*What you are asked to do:* For the entries below, print exactly the lines between the line holding "Elazığ'dan kutsal topraklara" and the line holding "鬚張魯肉飯　松山空港近くで", inclusive, and nothing else.

*Material shown:*
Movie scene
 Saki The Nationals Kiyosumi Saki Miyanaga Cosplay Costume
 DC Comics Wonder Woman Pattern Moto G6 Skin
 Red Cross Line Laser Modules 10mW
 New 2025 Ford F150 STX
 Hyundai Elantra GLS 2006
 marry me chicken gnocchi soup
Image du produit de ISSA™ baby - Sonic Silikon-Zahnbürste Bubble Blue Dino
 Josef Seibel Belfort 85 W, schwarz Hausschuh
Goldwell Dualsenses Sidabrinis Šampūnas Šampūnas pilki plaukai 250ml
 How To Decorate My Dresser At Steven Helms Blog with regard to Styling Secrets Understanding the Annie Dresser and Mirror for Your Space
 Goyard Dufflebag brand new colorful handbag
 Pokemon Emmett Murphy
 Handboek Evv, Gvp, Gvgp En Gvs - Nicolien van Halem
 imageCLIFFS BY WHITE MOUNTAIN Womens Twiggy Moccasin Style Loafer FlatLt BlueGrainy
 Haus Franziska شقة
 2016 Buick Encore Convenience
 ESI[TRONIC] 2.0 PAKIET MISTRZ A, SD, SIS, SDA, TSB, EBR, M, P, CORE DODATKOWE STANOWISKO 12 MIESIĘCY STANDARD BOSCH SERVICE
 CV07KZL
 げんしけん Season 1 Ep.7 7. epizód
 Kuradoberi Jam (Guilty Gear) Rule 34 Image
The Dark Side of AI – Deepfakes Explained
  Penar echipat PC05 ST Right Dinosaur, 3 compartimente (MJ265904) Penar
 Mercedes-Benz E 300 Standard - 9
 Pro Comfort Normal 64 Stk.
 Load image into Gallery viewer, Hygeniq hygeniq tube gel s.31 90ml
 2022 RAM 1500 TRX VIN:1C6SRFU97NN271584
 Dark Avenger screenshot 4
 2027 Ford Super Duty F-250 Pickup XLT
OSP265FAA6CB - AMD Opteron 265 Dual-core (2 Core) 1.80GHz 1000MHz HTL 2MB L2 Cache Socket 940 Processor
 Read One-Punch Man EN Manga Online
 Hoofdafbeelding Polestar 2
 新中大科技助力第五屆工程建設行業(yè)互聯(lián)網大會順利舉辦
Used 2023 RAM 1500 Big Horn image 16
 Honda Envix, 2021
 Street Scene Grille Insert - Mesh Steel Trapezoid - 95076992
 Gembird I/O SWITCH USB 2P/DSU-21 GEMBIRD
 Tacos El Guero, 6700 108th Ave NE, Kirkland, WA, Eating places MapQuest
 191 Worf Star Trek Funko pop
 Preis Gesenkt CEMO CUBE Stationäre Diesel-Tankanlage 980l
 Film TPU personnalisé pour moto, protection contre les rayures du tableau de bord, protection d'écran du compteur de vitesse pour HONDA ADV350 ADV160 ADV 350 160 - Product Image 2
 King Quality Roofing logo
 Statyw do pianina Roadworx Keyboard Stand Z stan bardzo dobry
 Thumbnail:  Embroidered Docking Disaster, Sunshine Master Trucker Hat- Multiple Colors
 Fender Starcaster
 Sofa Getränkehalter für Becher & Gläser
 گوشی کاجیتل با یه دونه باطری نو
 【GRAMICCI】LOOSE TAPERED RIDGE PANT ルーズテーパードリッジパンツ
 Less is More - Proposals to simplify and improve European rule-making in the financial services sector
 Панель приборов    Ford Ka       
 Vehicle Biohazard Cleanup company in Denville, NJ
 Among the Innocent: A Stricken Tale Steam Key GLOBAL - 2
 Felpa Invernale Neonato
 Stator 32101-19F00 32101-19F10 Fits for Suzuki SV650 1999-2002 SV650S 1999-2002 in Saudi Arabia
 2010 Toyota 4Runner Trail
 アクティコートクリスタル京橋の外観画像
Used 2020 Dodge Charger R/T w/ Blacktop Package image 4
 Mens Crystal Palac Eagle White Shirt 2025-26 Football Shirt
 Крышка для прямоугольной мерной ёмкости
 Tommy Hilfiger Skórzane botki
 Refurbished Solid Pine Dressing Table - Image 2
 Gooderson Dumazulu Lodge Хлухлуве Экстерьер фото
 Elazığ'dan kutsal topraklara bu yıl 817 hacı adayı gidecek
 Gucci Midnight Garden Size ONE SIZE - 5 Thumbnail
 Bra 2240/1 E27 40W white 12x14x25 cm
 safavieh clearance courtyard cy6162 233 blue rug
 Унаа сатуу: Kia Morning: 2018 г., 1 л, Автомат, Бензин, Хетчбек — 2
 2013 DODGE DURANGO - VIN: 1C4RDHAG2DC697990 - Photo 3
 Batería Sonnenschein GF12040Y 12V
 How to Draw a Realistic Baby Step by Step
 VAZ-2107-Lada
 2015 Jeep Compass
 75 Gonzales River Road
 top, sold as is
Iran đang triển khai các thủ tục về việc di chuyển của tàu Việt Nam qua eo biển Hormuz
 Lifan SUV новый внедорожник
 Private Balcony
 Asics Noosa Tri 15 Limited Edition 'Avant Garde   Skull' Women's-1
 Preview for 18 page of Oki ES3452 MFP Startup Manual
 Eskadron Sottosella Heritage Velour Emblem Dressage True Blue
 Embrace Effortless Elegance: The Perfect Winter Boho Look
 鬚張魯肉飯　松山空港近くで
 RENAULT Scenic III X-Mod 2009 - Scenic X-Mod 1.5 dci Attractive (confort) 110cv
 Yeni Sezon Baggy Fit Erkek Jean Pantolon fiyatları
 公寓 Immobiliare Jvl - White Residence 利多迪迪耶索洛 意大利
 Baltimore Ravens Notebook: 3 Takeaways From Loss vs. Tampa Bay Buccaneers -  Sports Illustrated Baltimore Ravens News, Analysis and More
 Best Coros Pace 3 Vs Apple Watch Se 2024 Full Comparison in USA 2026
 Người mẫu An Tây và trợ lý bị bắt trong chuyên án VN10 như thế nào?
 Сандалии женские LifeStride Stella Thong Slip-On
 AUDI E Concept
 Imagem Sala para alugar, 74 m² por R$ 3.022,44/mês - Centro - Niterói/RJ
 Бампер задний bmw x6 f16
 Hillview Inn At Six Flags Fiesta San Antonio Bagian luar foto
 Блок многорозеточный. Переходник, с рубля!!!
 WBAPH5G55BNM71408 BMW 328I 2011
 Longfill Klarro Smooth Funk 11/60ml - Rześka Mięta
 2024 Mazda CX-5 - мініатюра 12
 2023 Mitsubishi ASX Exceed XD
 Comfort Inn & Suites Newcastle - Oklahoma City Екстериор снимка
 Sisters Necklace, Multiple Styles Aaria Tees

*Solution for this task:*
 Elazığ'dan kutsal topraklara bu yıl 817 hacı adayı gidecek
 Gucci Midnight Garden Size ONE SIZE - 5 Thumbnail
 Bra 2240/1 E27 40W white 12x14x25 cm
 safavieh clearance courtyard cy6162 233 blue rug
 Унаа сатуу: Kia Morning: 2018 г., 1 л, Автомат, Бензин, Хетчбек — 2
 2013 DODGE DURANGO - VIN: 1C4RDHAG2DC697990 - Photo 3
 Batería Sonnenschein GF12040Y 12V
 How to Draw a Realistic Baby Step by Step
 VAZ-2107-Lada
 2015 Jeep Compass
 75 Gonzales River Road
 top, sold as is
Iran đang triển khai các thủ tục về việc di chuyển của tàu Việt Nam qua eo biển Hormuz
 Lifan SUV новый внедорожник
 Private Balcony
 Asics Noosa Tri 15 Limited Edition 'Avant Garde   Skull' Women's-1
 Preview for 18 page of Oki ES3452 MFP Startup Manual
 Eskadron Sottosella Heritage Velour Emblem Dressage True Blue
 Embrace Effortless Elegance: The Perfect Winter Boho Look
 鬚張魯肉飯　松山空港近くで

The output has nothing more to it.